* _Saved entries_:
══════════
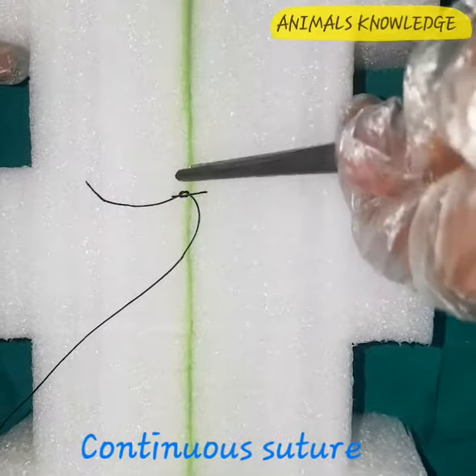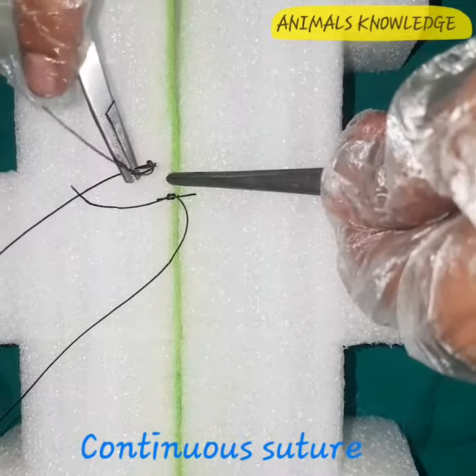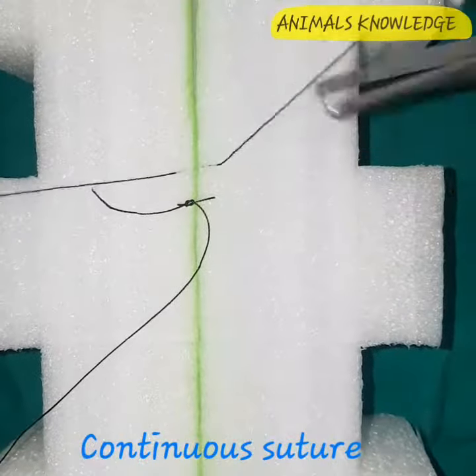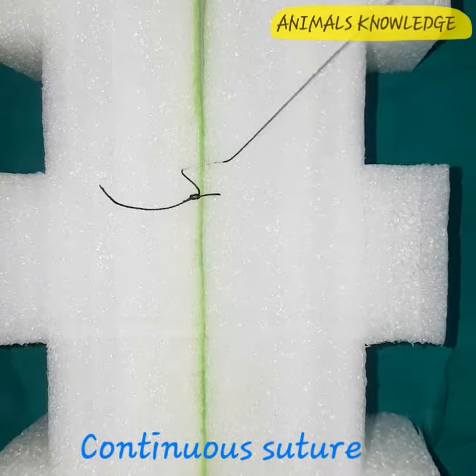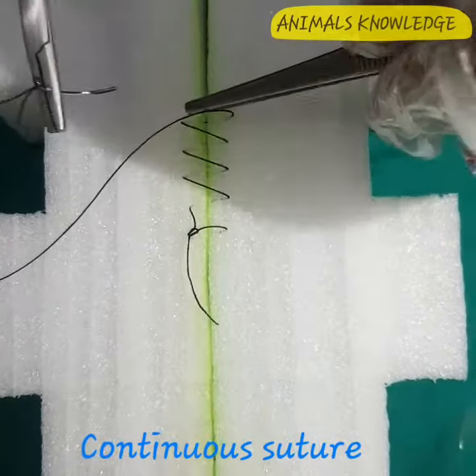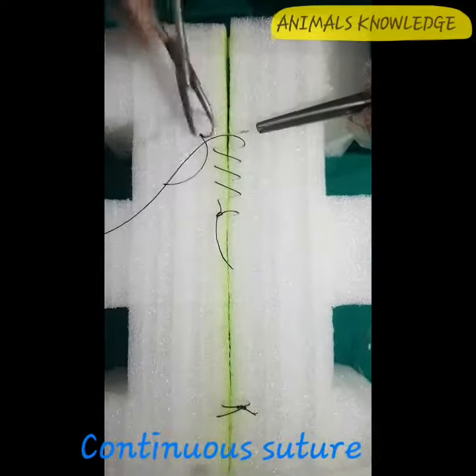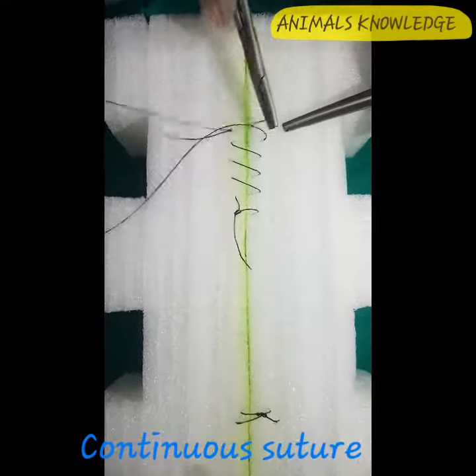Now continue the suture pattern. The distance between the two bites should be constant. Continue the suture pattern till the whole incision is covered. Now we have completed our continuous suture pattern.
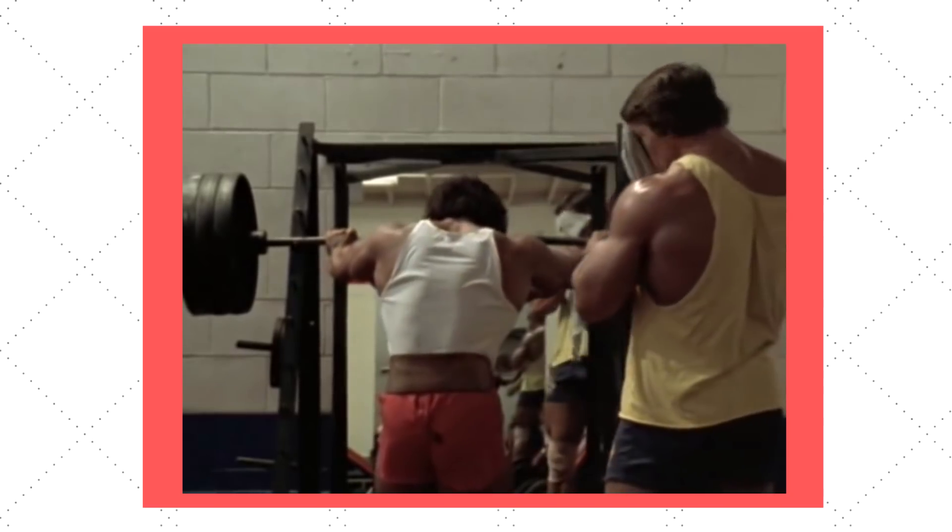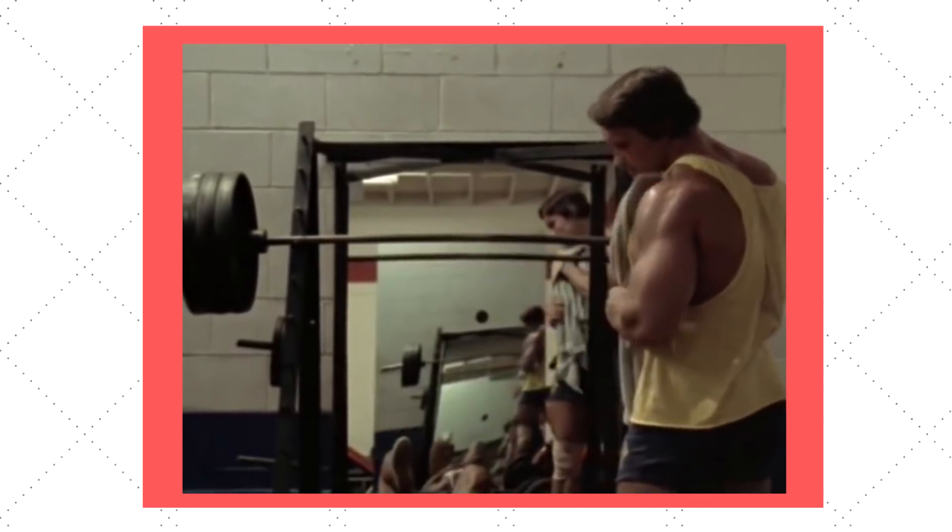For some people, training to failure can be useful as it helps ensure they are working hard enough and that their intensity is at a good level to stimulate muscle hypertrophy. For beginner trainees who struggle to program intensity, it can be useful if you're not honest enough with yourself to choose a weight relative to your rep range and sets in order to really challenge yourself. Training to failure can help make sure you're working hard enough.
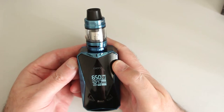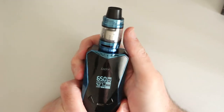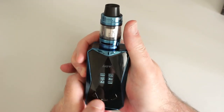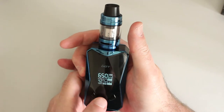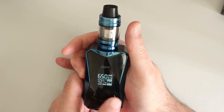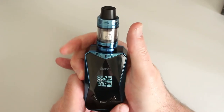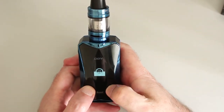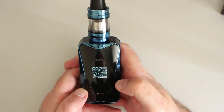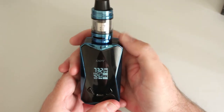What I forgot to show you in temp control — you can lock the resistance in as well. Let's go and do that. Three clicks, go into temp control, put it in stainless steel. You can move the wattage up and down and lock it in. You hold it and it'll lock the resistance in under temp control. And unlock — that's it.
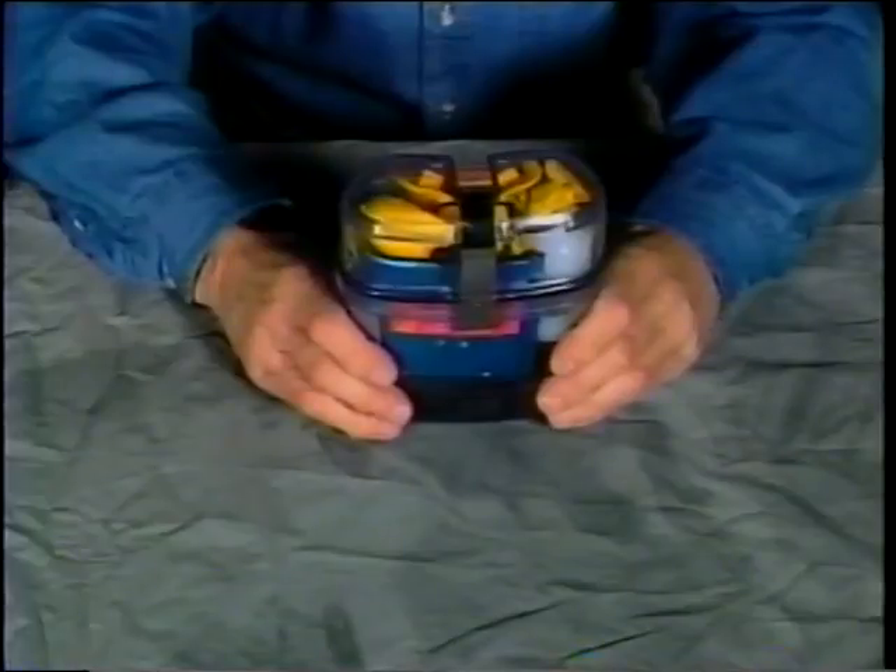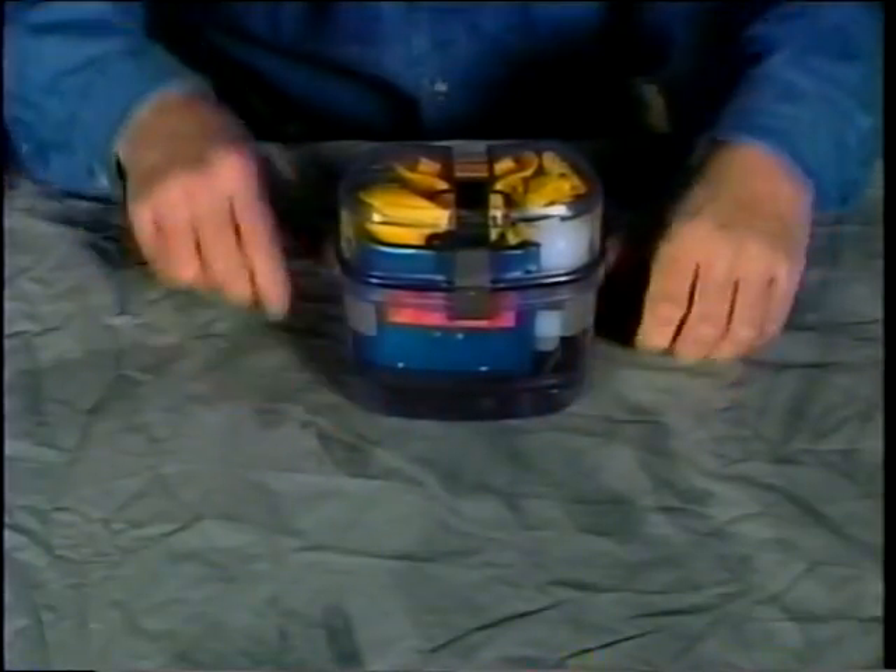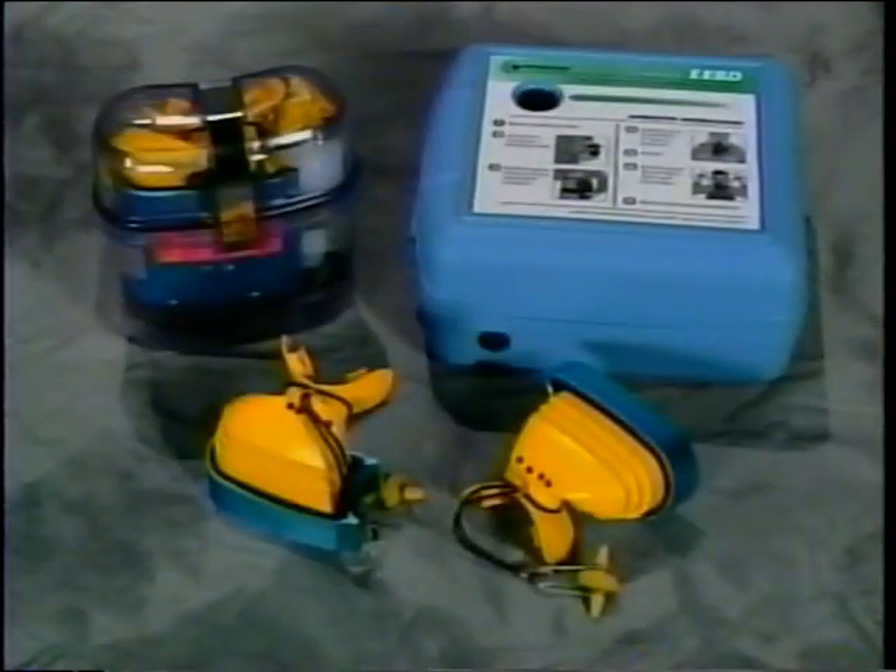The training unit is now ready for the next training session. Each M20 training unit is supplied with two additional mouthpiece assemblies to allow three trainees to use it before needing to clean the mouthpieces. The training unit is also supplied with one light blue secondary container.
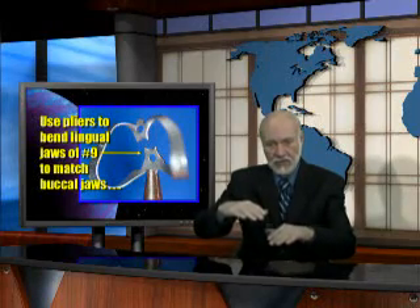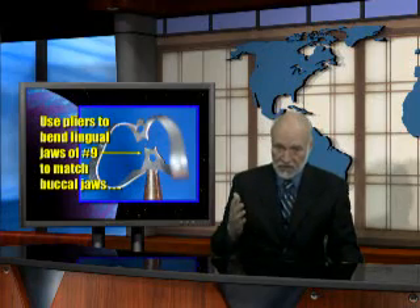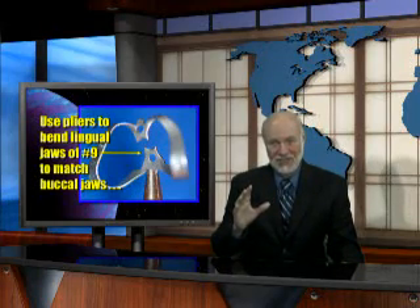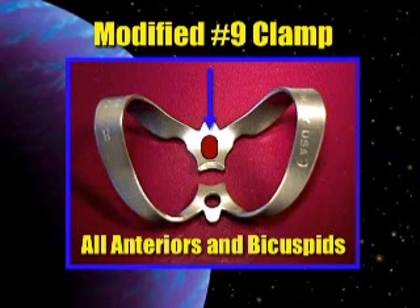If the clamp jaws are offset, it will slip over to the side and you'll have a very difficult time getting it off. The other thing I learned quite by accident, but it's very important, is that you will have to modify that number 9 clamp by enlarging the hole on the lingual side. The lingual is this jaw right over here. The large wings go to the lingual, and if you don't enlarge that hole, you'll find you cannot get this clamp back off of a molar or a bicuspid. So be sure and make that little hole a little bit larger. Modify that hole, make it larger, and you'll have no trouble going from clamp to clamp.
══════════
* _How to complete this task_: Write out the records above exactly. Begin with the first line, end with the line holding "For some people, training", and drop the pictures.

* _Finished task_:
Now continue the suture pattern. The distance between the two bites should be constant. Continue the suture pattern till the whole incision is covered. Now we have completed our continuous suture pattern.
For some people, training to failure can be useful as it helps ensure they are working hard enough and that their intensity is at a good level to stimulate muscle hypertrophy. For beginner trainees who struggle to program intensity, it can be useful if you're not honest enough with yourself to choose a weight relative to your rep range and sets in order to really challenge yourself. Training to failure can help make sure you're working hard enough.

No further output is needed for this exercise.